NEW AUCTION「NEW 003」|カジュアルにアートを楽しめるオークション下見会をご紹介
アートオークションはギャラリーだけでは出会いきれない、国内外のアート作品との出会いの場として活用できることは、意外と知られていないのではないでしょうか。
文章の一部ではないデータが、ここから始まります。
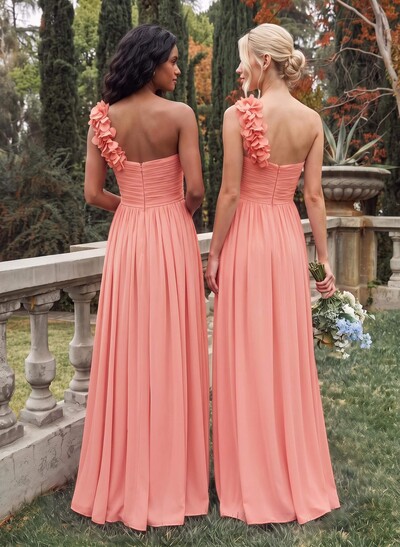 A-Line One-Shoulder Sweetheart Sleeveless Floor-Length Chiffon Bridesmaid Dresses With Flower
そこで今回は、渋谷神宮前にあるSAIにて開催したNEW AUCTIONによる「NEW 003」下見会の模様を中心にご紹介します。
- 要点だけ知りたい人へ
- NEW AUCTIONとは?
- 平面作品
- Chim↑Pom from Smappa!Group:平和の日 (鹿)
- 梅沢和木:神鬼勃ツ三千世界之画像海
- 井田幸昌:End of today – 2/10/2019 Portrait of N –
- 猪瀬直哉:Stella Maris
- 平子雄一:Pattern of Grain 5
- ロッカクアヤコ:Untitled
- 流麻ニ果:肥
- 赤瀬川原平:紙型千円札
- 高松次郎:影 No.1411
- 草間彌生:かぼちゃ 2000 (黄) (Kusama 298)
- KYNE:Untitled
- 山口歴:RD NO. 8
- TIDE:DECADE
- リチャード・プリンス:Untitled (portrait)
- アンディ・ウォーホル:Life Savers :「Ads」より (F. & S. II. 353)
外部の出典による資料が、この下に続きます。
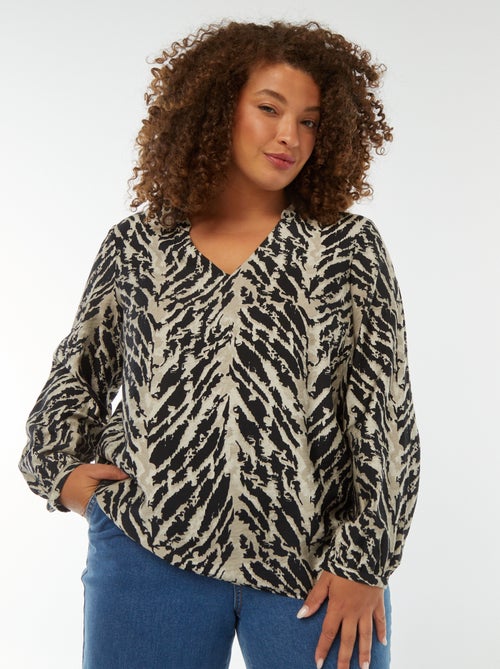 Blouse col v et manches longues à motif - Kiabi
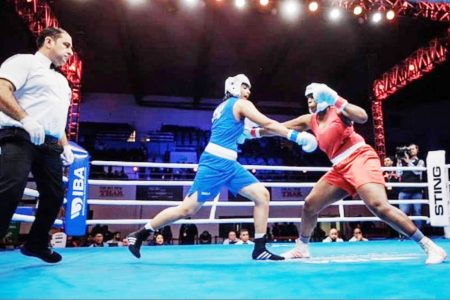  Local boxing prospect, Abiola Jackman (in red) in action during her heavyweight bout at the International Boxing Association (IBA) Women’s World Boxing Championships in India.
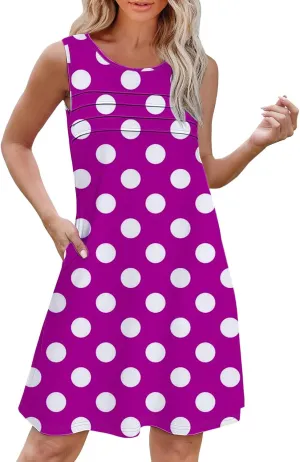 Midi Summer Dresses for Women Womens with Pockets Summer Casual Tank Dress Sleeveless Midi Beach Dress Linen Dress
- キース・ヘリング:Growing (Littmann p.91)
- バンクシー:Donuts (Chocolate)
- 立体作品
- 写真作品
- 映像作品
- カタログには作品への理解が深まる説明文も
- (おまけ)トークイベントも開催
- まとめ
要点だけ知りたい人へ
まずは要点をピックアップ!
- NEW AUCTIONとは、2021年に発足した、渋谷・原宿を拠点とするアートオークションハウスです。
- オークション前には、ミヤシタパーク(渋谷)内にある「SAI」で下見会を実施しています。
- 本記事では2022年11月に開催したオークション「NEW 003」展示作品のうち、平面、立体、写真、映像に分けて、合計27作品をピックアップしてご紹介します(以下敬称略)。
平面作品17つ(Chim↑Pom from Smappa!Group/梅沢和木/井田幸昌/猪瀬直哉/平子雄一/ロッカクアヤコ/流麻二果/赤瀬川原平/高松次郎/草間彌生/KYNE/山口歴/TIDE/リチャード・プリンス/アンディ・ウォーホル/キース・ヘリング/バンクシー)
立体作品7つ(土屋仁応/大谷工作室/奈良美智/花井祐介/名和晃平/トム・サックス/ダニエル・アーシャム)
写真作品2つ(森山大道/ヴォルフガング・ティルマンス)
映像作品1つ(クリスチャン・マークレー) - カタログには一部作品に、作品の制作背景やアーティストの背景を知れる解説文が掲載され、多くの人にアートの魅力を知ってもらうための工夫が伝わってきます。アカウント登録すれば、冊子版カタログでもチェック可能。
- おまけで、アートコレクションとオークションに関するトークイベントに参加した感想もまとめています。
それでは、要点の内容を詳しく見ていきましょう!
NEW AUCTIONとは?
NEW AUCTIONとは、2021年に発足した、渋谷・原宿を拠点とするアートオークションハウスです。主にモダンから現代美術品まで幅広く扱うオークションハウスで、絵画から立体、写真、映像作品など、多岐にわたるメディア作品が取り揃えています。
「従来からのオークションという概念に縛られずに、新しい体験、新しい価値観を提供する」ために、これまでとは異なる新たな仕組みを取り入れるなど、オークションをより身近に感じれるような取り組みをしています。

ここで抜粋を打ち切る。